Dito isto, ainda assim, é notório que a atriz Marianne Jean-Baptiste carrega este filme às costas ao ser bastante crua na sua representação.
A família de Pansy
“Verdades Difíceis” é um filme que se centra, efetivamente, na figura de Pansy. No entanto, Mike Leigh também nos dá a conhecer a sua família. Assim, ao longo do filme, vemos o marido no trabalho de canalizador, o seu filho na rua (onde também sofre), a sua irmã no seu salão de cabeleireiro onde trabalha e ainda as sobrinhas.
Estas pequenas cenas que pontuam o filme servem (e bem) para o equilibrar. Caso contrário, seria mesmo desgastante ver apenas Pansy a gritar. Neste sentido, sinto que podíamos ver mais algumas cenas com os familiares de Pansy, sobretudo com as suas sobrinhas que mal aparecem e, inicialmente, até nem percebemos a sua relação com Pansy…
Pansy, finalmente, quebra-se no cemitério, como disse anteriormente, quando percebe que não é só Chantelle que sente falta da mãe mas ela própria também e que as suas reações podem afastar a sua família. “Não te entendo, mas amo-te”, responde-lhe Chantelle, quando Pansy diz que todos lhe odeiam.
Segue-se, depois, uma cena de almoço de família no Dia da Mãe onde Pansy acaba por demonstrar as suas fragilidades perante toda a família, especialmente quando sabe do gesto do seu filho que lhe comprou flores (embora, num gesto selvagem, o marido Curtley as deite fora).
Mais tarde, depois de se aleijar no trabalho, Curtley regressa a casa. O filme termina de uma forma algo brusca, mas cheia de significado. Pansy não vai acudir o marido e Curtley chora sozinho na cozinha. Ambos percebem que têm de se esforçar mais para se compreenderem…

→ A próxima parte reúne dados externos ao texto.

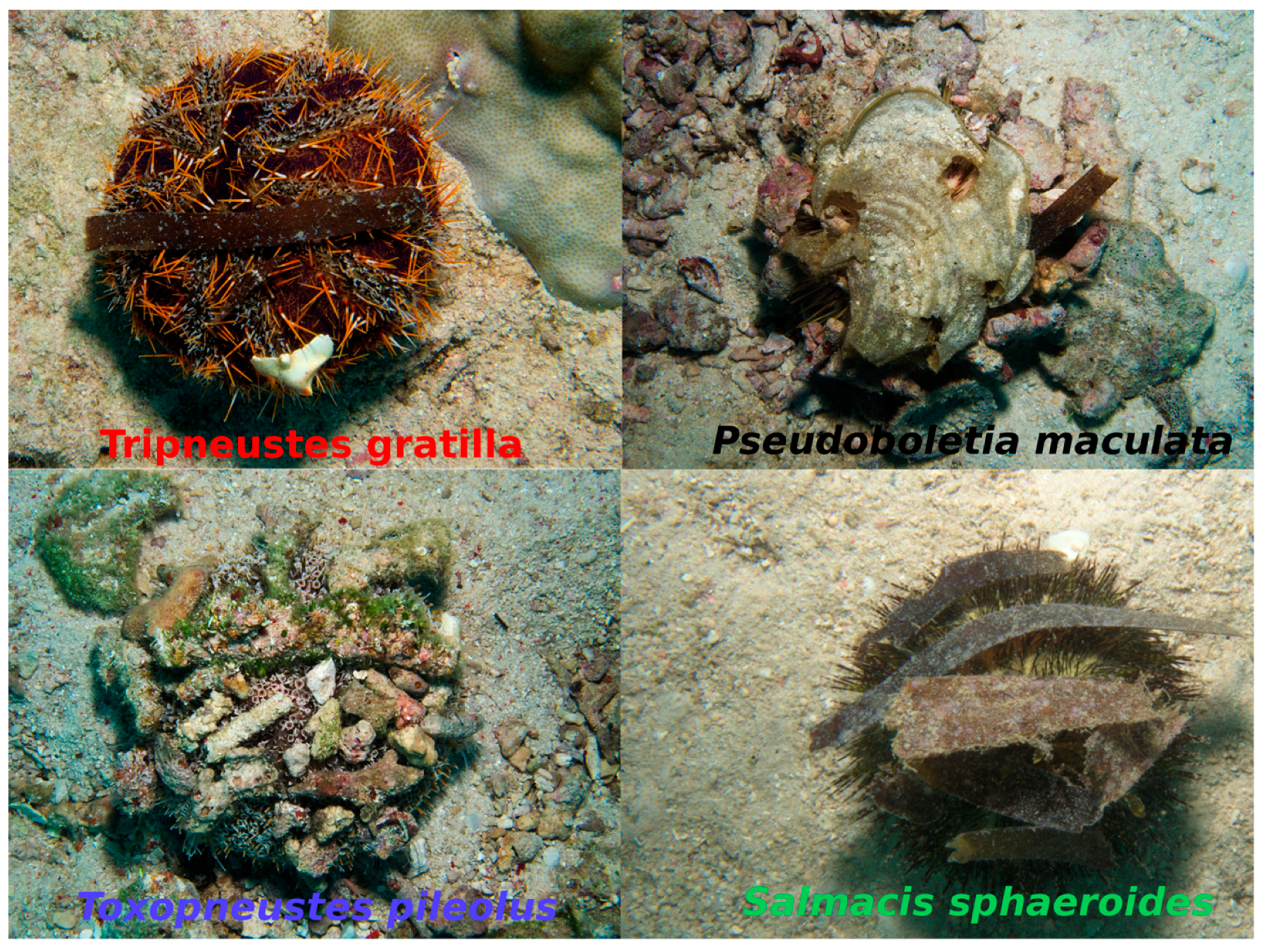 Jmse 07 00069 g001 Jmse 07 00069 g001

Algumas conclusões do ponto de vista técnico
Em termos de argumento, conforme disse, a narrativa poderia ter sido muito melhor trabalhada. Por outro lado, não há dúvida que Marianne Jean-Baptiste e Michele Austin foram a escolha acertada para representarem as irmãs deste filme, transmitindo bastante emoção com as suas personagens.
Um outro ponto positivo é a escolha dos décores onde todos foram muito bem escolhidos: desde a casa de Pansy, ao supermercado, à casa de Chantelle e os exteriores. Todos os locais trazem significado ao filme que também tem uma muito boa direção de fotografia.
Verdades Difíceis
Conclusão
- “Verdades Difíceis” é a nova longa-metragem de Mike Leigh. Trata-se de um drama familiar pesado onde a protagonista sofre em silêncio mas extrapola a sua dor gritando com toda a gente sem razão aparente.
- O filme começa de forma segura e sentimos compaixão para com Pansy. No entanto, ao longo de 1h, sentimos que a protagonista não faz mais nada a não ser gritar. O clímax da personagem é atingindo numa pesada e emotiva cena no cemitério, mas ainda há muito caminho a percorrer nesta fraturada família…
- As cenas com os familiares da protagonista servem como equilíbrio ao filme mas gostaríamos de ver mais. Mike Leigh poderia ter feito um filme um pouco melhor.